Financial success became the only thing that mattered to him, to the point of obsession—and not just financial success, but instant financial success. He had pursued one get-rich-quick scheme after another. Day trading, direct sales, real estate flips.
If someone else had made a dollar at something, Trent had been determined to make a thousand.
After Maddie was born with a heart defect, achieving success had become almost a compulsion.
She would have been thrilled with a steady paycheck, decent health insurance, but he wouldn’t listen.
“This is it, babe. The big payoff. I swear it.”
How many times had he said those words to her? At first, she had been stupidly proud of him for working so hard to support their family. Gradually, that had become the only thing that mattered to him. Not her, not Maddie. Just adding more zeros to their bank balance.
His last grand idea had actually been a good one, surprisingly enough. He had come up with the concept for a revolutionary new productivity app and had begun working with a developer friend of his from college.
He had been determined to sell the idea to one of the big Silicon Valley companies—and of course, Caine Tech had been his first choice for their forward-thinking products and phenomenal success rate.
Somehow through a friend of a friend, he had finagled a meeting. Not with Aidan, she knew that. Trent had called her after leaving the company, ranting about how he had been fobbed off on a couple of lower management flunkies who didn’t have the imagination or brains to see the genius of his idea.
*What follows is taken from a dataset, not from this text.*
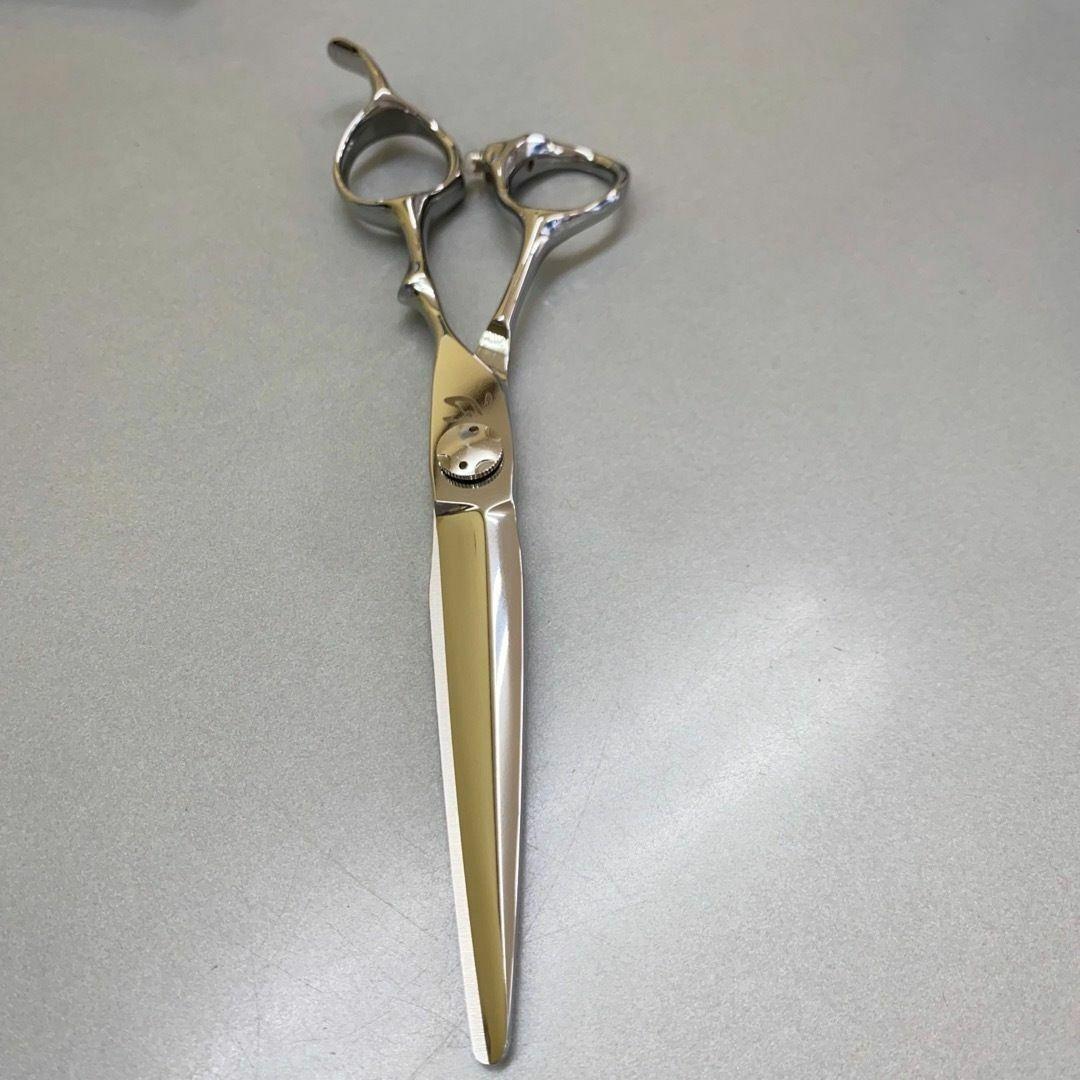 6,5インチシザー 新品　理美容専用シザー　スムーズな開閉　切れ味抜群おすすめ！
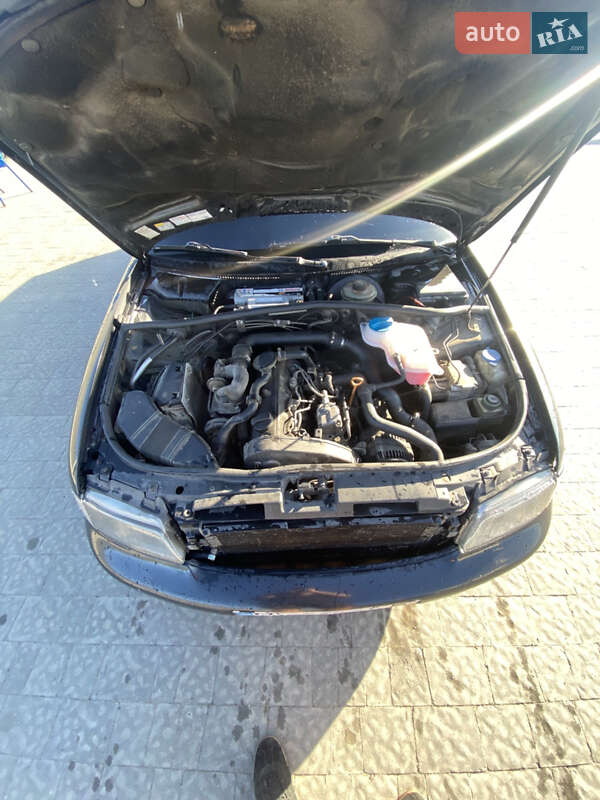 Седан Audi A4 1996 в Львове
After a few moments, the rant had turned despondent and she had spent a few moments trying to play the supportive wife while inside she had been completely exhausted and wondering how much longer she could do this.
He had told her he was going to stop off for a drink. Just one, he’d said, because he deserved it after that complete waste of time.
Two hours later, he was dead in a single-car accident—or at least she hoped it was an accident. She would never know if he had hit that barrier intentionally or just been too impaired after six drinks.
For a man obsessed with providing for his family, Trent had been remarkably shortsighted. He had racked up thousands in debt—and had missed their life insurance payment three months before his death.
She released a long breath now, trying not to think about that terrible chapter in her life. She had grieved for her husband and the life she had once imagined for them together and his death had reinforced that Eliza could only truly depend on herself.
* * *
LONG AFTER ELIZA returned to her room, Aidan sat in the dark kitchen trying to analyze what the hell had just happened.
He wanted to blame a hundred different things. The warm, seductive intimacy of the quiet kitchen, the pain medicine he hated that seemed to make him act in strange ways.
The hard truth of the matter was that he had ached to kiss her, quite fiercely. As he looked back on the past few days, he realized this attraction had been simmering inside him almost since the beginning.
The attraction part he fully comprehended. Eliza was a beautiful woman, with that silky spill of honey-streaked hair, the green eyes flecked with gold, the little smattering of freckles across her nose. Hers was a soft, understated beauty, fragile and sweet and deeply appealing.